15. In Jayantilal Purshottamdas Panchat Vs. Commissioner of Motor Transport, Gujarat State 1997 LLR 918 the learned Single Judge of the Gujarat High Court had observed:

Every employee has aged and ailing parents and school going children, but transfer being an incident of service an employee who opts for Government service has to face these difficulties. It is for the department concerned to consider all these aspects but not for this Court sitting under Article 226 of the Constitution of India. The Courts have no jurisdiction to interfere with the order of transfer of public servants because it is entirely for the employer to decide when where and at what point of time a public servant is to be transferred from his present place of posting. As held by the apex Court in the case of Union of India Vs. S.L. Abbas (1993) Lab IC 1311) (Supra), this Court can interfere with the order of transfer only when it is vitiated with mala fides and or made in violation of some statutory rules, regulation etc. which is not the case of the petitioner here. The ground that it is midterm transfer in also not of any relevance for this Court under Article 226 of the Constitution. If the petitioner has some personal difficulties at Rajkot may be because of his ailment or the ailment of his mother, the proper court would have been to approach the authorities rather than to file petition before this Court
under Article 226 of the Constitution of India more particularly, when the petitioner has not challenged the order of transfer on the ground of malafides or violation of statutory provisions in making thereof. If such a representation is made, the authority has to consider the same as it comes out from the decision of the apex court in the case of Union of India Vs. S.L. Abbas 1993 Lab IC 1311 (Supra). In the result this writ petition fails and the same is dismissed.

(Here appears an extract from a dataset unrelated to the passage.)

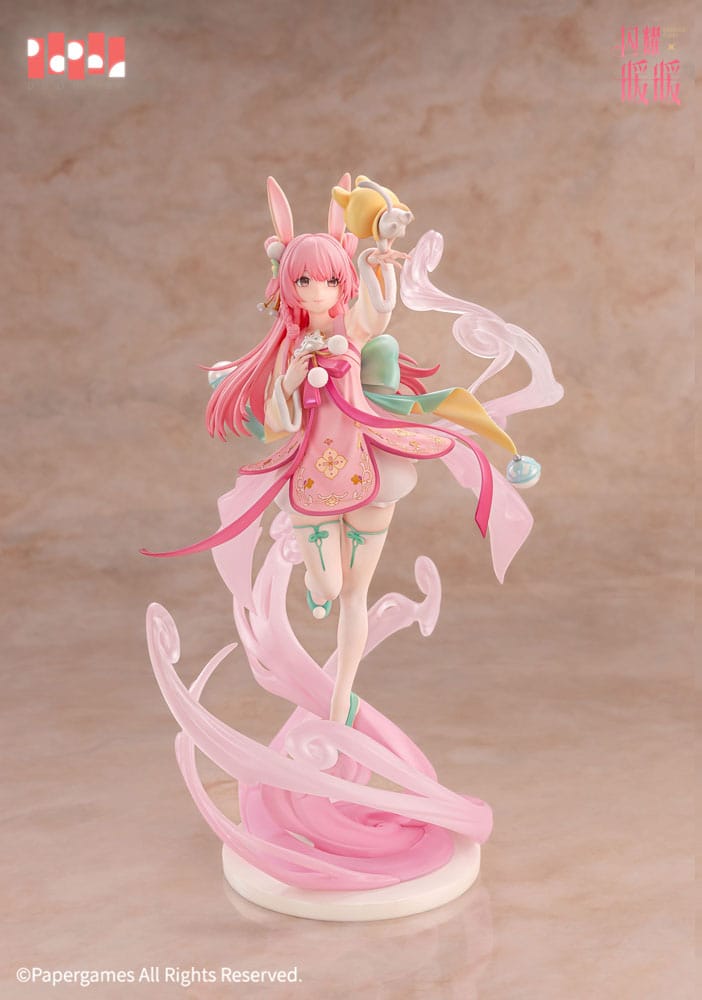 Shining Nikki statuette PVC 1/7 Nikki Beautiful Scenery ver. 29 cm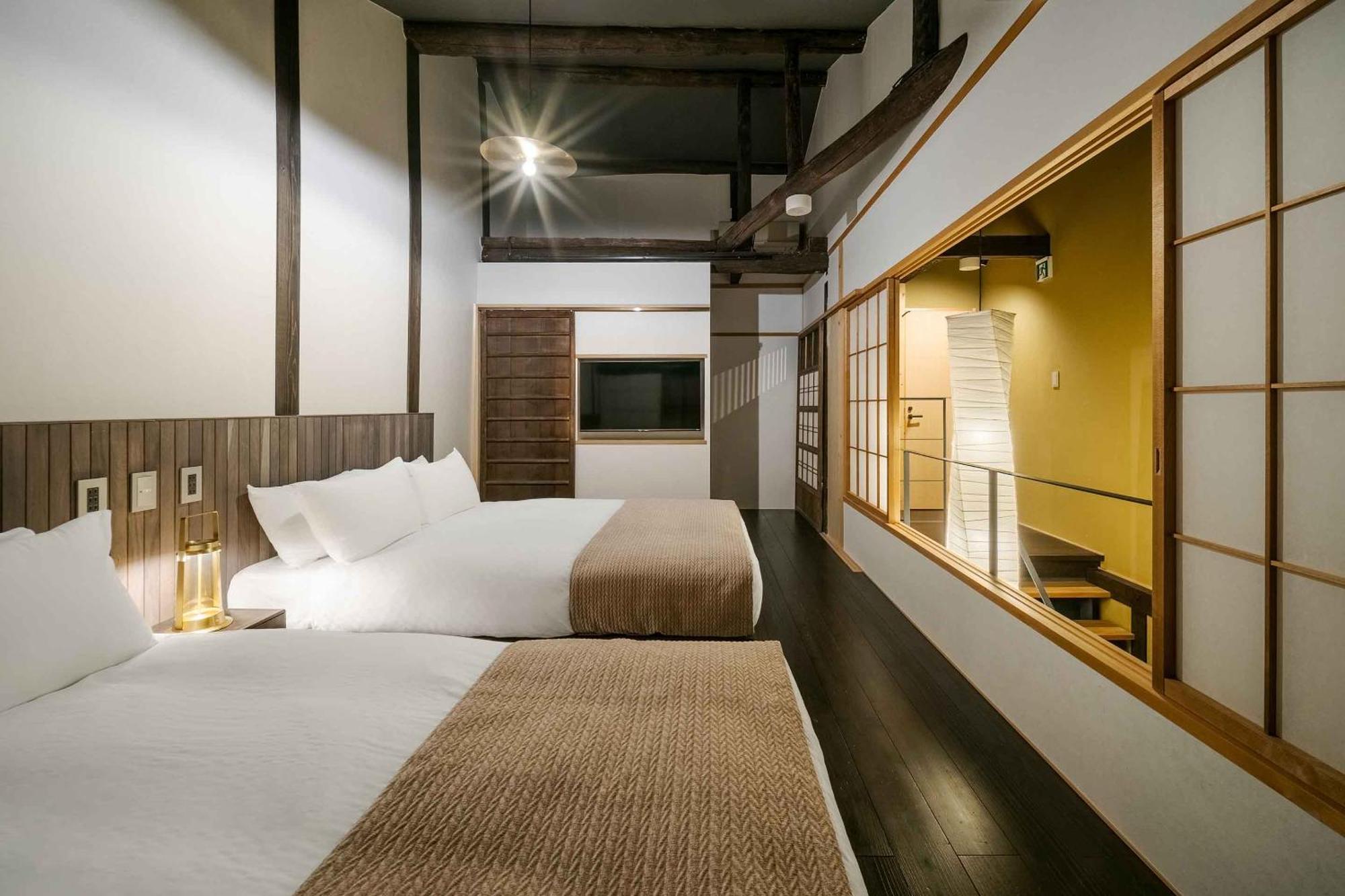 Holiday home Izuki Machiya House Kyoto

16. Mr. Vipin Sanghi, the learned counsel for the petitioner submitted that the ratio laid down by the Supreme Court would not apply to the instant case that there can be no statutory rule in the respondent organisation because it is a Company though owned by the Government and therefore, according to the learned counsel, there is no question of the petitioner relying upon any statutory rule. According to the learned counsel for the petitioner, having regard to the language of the policy, it is enforceable. As pointed out by the Supreme Court the respondent no doubt is bound to follow the guidelines but the petitioner has failed to make out any case against the respondent that the respondent had violated the policy issued by the respondent itself.

17. I do not find any merit in the writ petition, in the light of the principles laid down by the Supreme Court and the Division Bench of this Court. Accordingly, the writ petition is dismissed. There shall be no order as to costs.